The country’s latest round of elections, scheduled for September 20, has placed on hold the TAP (Trans Adriatic Pipeline) project, one of the biggest investments being planned for Greece, both in terms of its potential for the economy and Greece’s geopolitical weight.

Despite the prospective project’s significance, the country’s recently replaced Production Reconstruction, Environment and Energy Minister Panagiotis Lafazanis – a radical leftist who has now adandoned Syriza and gone on to form his own anti-bailout and anti-eurozone membership Popular Unity party – had severely hampered progress, and even maintained a hostile stance, according to some officials.

His successor, Panos Skourletis, appointed in July for what proved to be a short-lived tenure, generated some hope that obstacles would be overvcome and renewed progress would be achieved, before early elections were eventually called just weeks ago by Prime Minister Alexis Tsipras in search of a fresh four-year mandate.

The delays to the project since Syriza’s rise to power following last January’s snap elections have added pressure to the project’s schedule, according to which work will need to commence within 2016. This boils down to meaning that licensing procedures for the Greek segment of the project, planned to carry mostly Azeri natural gas to central Europe via Greece and Albania, will need to be issued within the next few weeks and months. Otherwise, this major foreign investment, valued at 1.5 billion euros, may end up being placed in doubt.

Officials at the TAP consortium are now awaiting the results of the upcoming Greek elections, the country’s third showdown at the polls this year, including the referendum held on the bailout terms, before any further moves are made.

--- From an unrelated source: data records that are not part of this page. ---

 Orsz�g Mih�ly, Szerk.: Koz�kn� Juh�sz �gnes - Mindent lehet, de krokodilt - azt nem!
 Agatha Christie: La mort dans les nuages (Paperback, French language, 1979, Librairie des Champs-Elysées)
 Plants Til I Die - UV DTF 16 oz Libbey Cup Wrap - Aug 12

At last week’s energy ministry handover ceremony – where Ioannis Golias, a former Dean at the National Technical Univesity of Athens, was appointed energy minister for Greece’s interim government – Skourletis reiterated his predecessor’s call for increased benefits in exchange for the pipeline’s route through Greece. He noted that negotiations on this matter were at a crucial stage.

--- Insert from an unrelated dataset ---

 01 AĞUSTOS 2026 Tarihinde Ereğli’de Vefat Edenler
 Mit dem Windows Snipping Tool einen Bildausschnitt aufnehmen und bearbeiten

Without a doubt, Skourlelis was far more diplomatic than his outspoken predecessor, who, when replaced at the energy ministry, had candidly opposed the TAP project. Besides reiterating his demand for increased land-use compensation to farmers and local communities, as well as route revisions, Lafazanis had also called for increased tax rates on the TAP consortium. The milder Skourletis was far more subdued, at last week’s handover ceremony, expressing hope that the negtiations will lead to favorable results, while adding that Greece aspires to develop into an energy hub that may contribute to European energy security.